Russian liquidity boost on hold

A proposed $37 billion (950 billion RUB) liquidity injection for Russia’s biggest banks stalled in parliament yesterday, adding to Moscow’s financial troubles.

If approved, the Kremlin’s latest funding initiative, proposed on Tuesday by Russian president Dmitry Medvedev, would be distributed to Russian banks in the form of long-term loans of subordinated credit with a term exceeding five years.

Russia’s two largest banks are to receive the lion’s share of the funds with up to $19.2 billion (500 billion RUB) going to Russia’s main state bank, Sberbank, and $7.7 billion (200 billion RUB) going to another state bank, Vneshtorgbank. A further $9.6 billion (225 billion RUB) will go to other banks, including $957.9 million proposed for Rosselkhozbank, which is also state-owned. None of the funds will go to private sector banks directly - instead, they will be expected to seek interbank loans from Sberbank and Vneshtorgbank, a spokesman for the finance ministry said.

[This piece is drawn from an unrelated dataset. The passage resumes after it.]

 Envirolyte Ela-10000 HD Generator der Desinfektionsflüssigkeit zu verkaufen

The Russian finance ministry and President Medvedev have introduced numerous initiatives to provide extra liquidity since the escalation of the global financial crisis, following Lehman Brothers’ collapse on September 15. On September 18, Medvedev asked the Duma to approve a 500 billion RUB addition to the state budget to bolster struggling financial markets. On the following day, September 19, the Russian finance ministry announced the occurrence of three auctions which would provide additional liquidity to banks. These auctions took place on September 23, 24, and 25, adding 1.1 trillion RUB ($42.2 billion) to bank deposits.

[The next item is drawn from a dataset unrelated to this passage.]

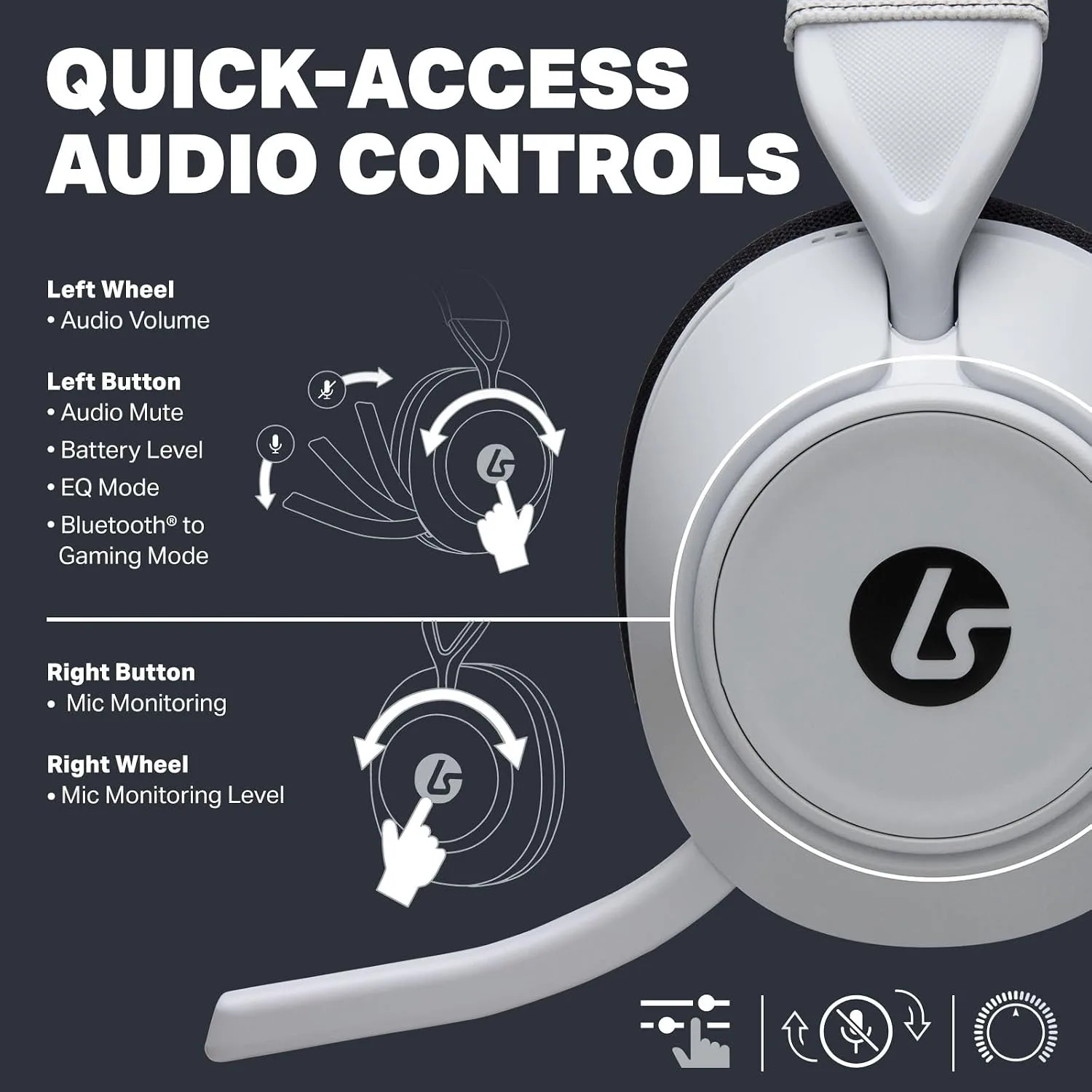 PowerA LucidSound LS500P Wireless Gaming Headset for PlayStation - White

The Federal Council, Russia’s upper house, on Monday released a statement saying in its next session it would quickly push through a series of measures to support Russia’s financial markets, which would be ratified provided the Duma, the lower house, supported the motion. Yesterday a plenary session of the financial market committee of the Duma was called to discuss the President’s proposal, but no agreement was reached.

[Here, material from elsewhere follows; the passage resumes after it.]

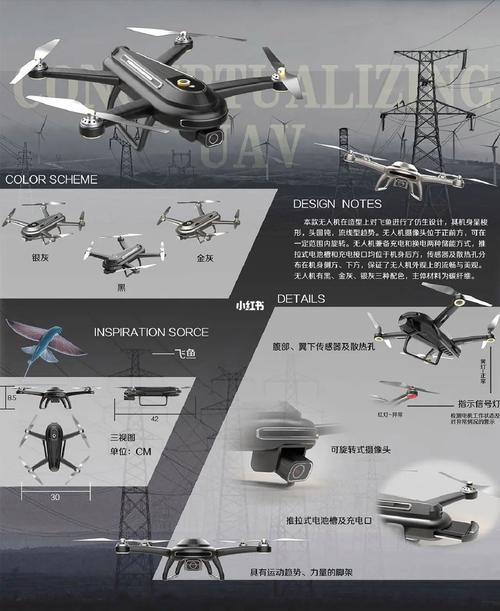 微型无人机设计的关键是什么？-图2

As well as delays in the Duma, the Russian liquidity measures face restrictions on the Ministry of Finance’s auction facility. Currently only 28 of 1,100 financial institutions in Russia can participate and these banks must have $5 billion worth of equity, and credit ratings no less than ВВ- by Fitch and Standard & Poor's, or Ва3 by Moody's.

Yesterday, the Russian regulator, the federal financial markets service, ordered the close of trade on the two Russia's main stock exchanges Micex and RTS. Trade is suspended on the Micex exchange every time the index falls 10% below the index value at close of trade the following day. On the RTS exchange there is a 5% threshold.